A primera hora de la mañana el rocío adornaba las telas de araña que cubrían el arrozal (Foto: JMª Montero)

Esta mañana hemos recorrido los arrozales del Bajo Guadalquivir preparando las próximas entregas de «Tierra y Mar» y«Espacio Protegido» (Canal Sur Televisión). Nos hemos manchado de barro y nos hemos dejado picar por los últimos mosquitos de la temporada para poder explicar, a pie de cultivo, cómo es posible que estas extensas llanuras cerealistas convivan, casi en armonía, con uno de los espacios naturales más valiosos de Europa. De hecho, Doñana ya no puede entenderse sin la existencia de los arrozales, que se han convertido en una valiosa despensa cuando el alimento escasea en el interior del territorio protegido.

El papel ecológico del arrozal nunca puede suplantar a lo que sería una marisma natural no transformada, pero, dicho esto, no cabe duda de que este es el mejor cultivo que puede existir en el entorno de Doñana, porque es el más parecido a los terrenos originales de esta zona.

Los arrozales son una despensa natural a la que acuden las aves en dos momentos especialmente delicados. A finales de la primavera y comienzos del verano, cuando en la marisma comienza a escasear el agua, las tablas de arroz están inundadas por lo que se convierten en una zona de refugio indispensable para asegurar el ciclo reproductivo de numerosas especies.  También en otoño, después de la cosecha, estos campos son frecuentados por las aves migratorias e invernantes, como los numerosos gansos que recalan desde el norte de Europa.
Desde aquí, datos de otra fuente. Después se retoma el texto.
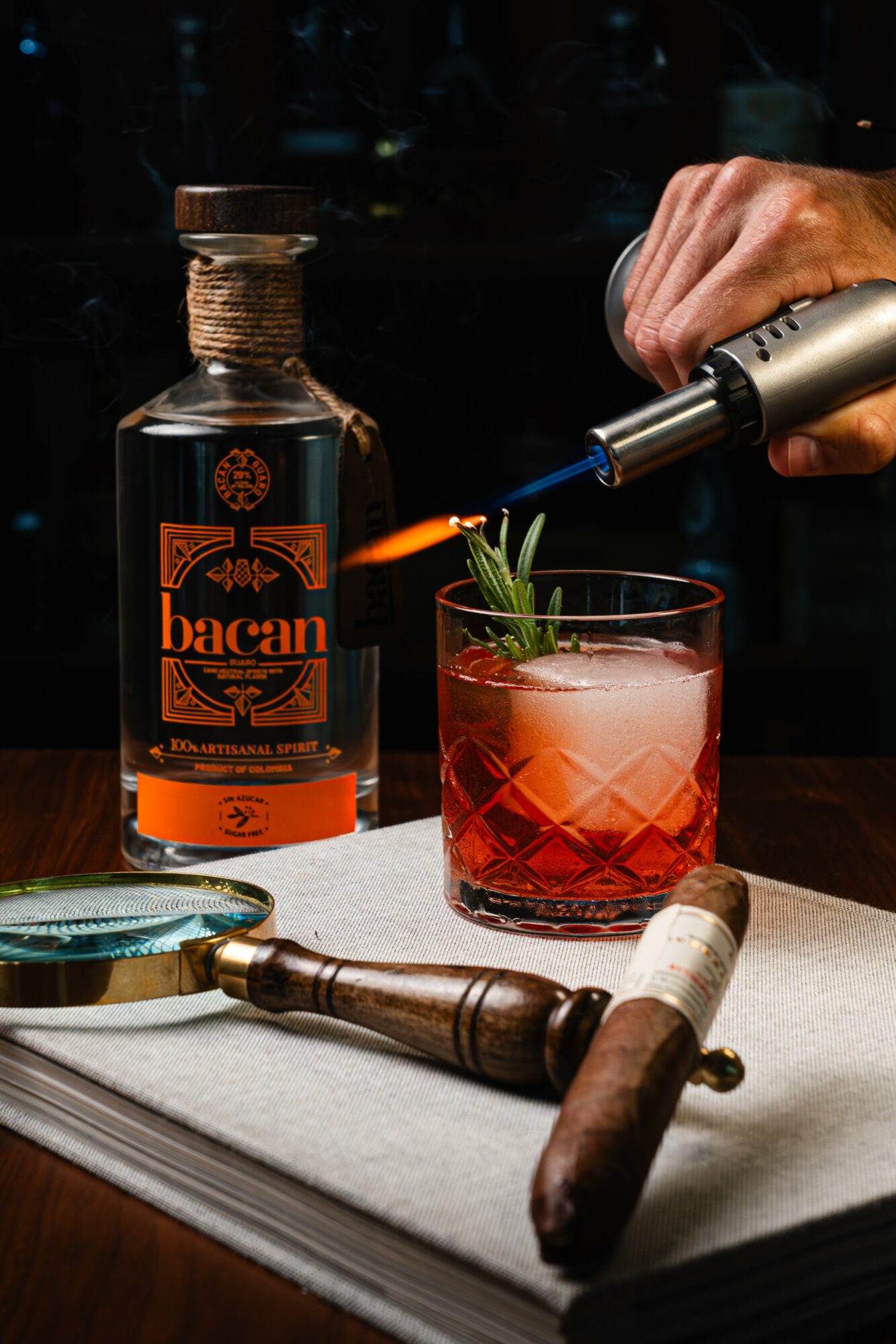 Person using a torch to garnish a pink cocktail with herbs, on a table with a bottle and tools.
En la zona del Brazo del Este han llegado a censarse más de 230 especies de aves, debido a la interesante configuración del paisaje, compuesto por campos de arroz parcheados con áreas no transformadas; y en la extensa finca de Veta la Palma, se han registrado algunos inviernos concentraciones de hasta 300.000 aves.

Los terrenos de Veta la Palma, aunque sea de forma accidental, albergan elementos que el parque nacional, convertido en una especie de isla, no tiene o ha ido perdiendo con el paso de los años, con lo que actúa como un colchón amortiguador de los defectos de Doñana. Cuando las aves concluyen la reproducción y abandonan los territorios protegidos se distribuyen por zonas como Veta la Palma, de tal manera que si no existieran estas áreas periféricas seguramente habría especies que ni siquiera criarían.

Algunos especialistas están convencidos de que a esta concentración de fauna no se le está sacando el suficiente rendimiento económico a través de iniciativas turísticas. De forma comunal los titulares de estas fincas podrían aprovechar la riqueza inusual que supone tener tal variedad de aves durante largas temporadas a disposición de los visitantes que quieran conocerlas, y que podrían pagar por esas visitas igual que pagan por entrar en los terrenos del parque nacional.

El arrozal, defienden no pocos conservacionistas, es un cultivo perfectamente compatible con el espacio natural de Doñana siempre que se someta a los criterios de la producción integrada, reduzca su dependencia de los productos químicos, no emplee aguas subterráneas para su mantenimiento o reclame infraestructuras claramente insostenibles.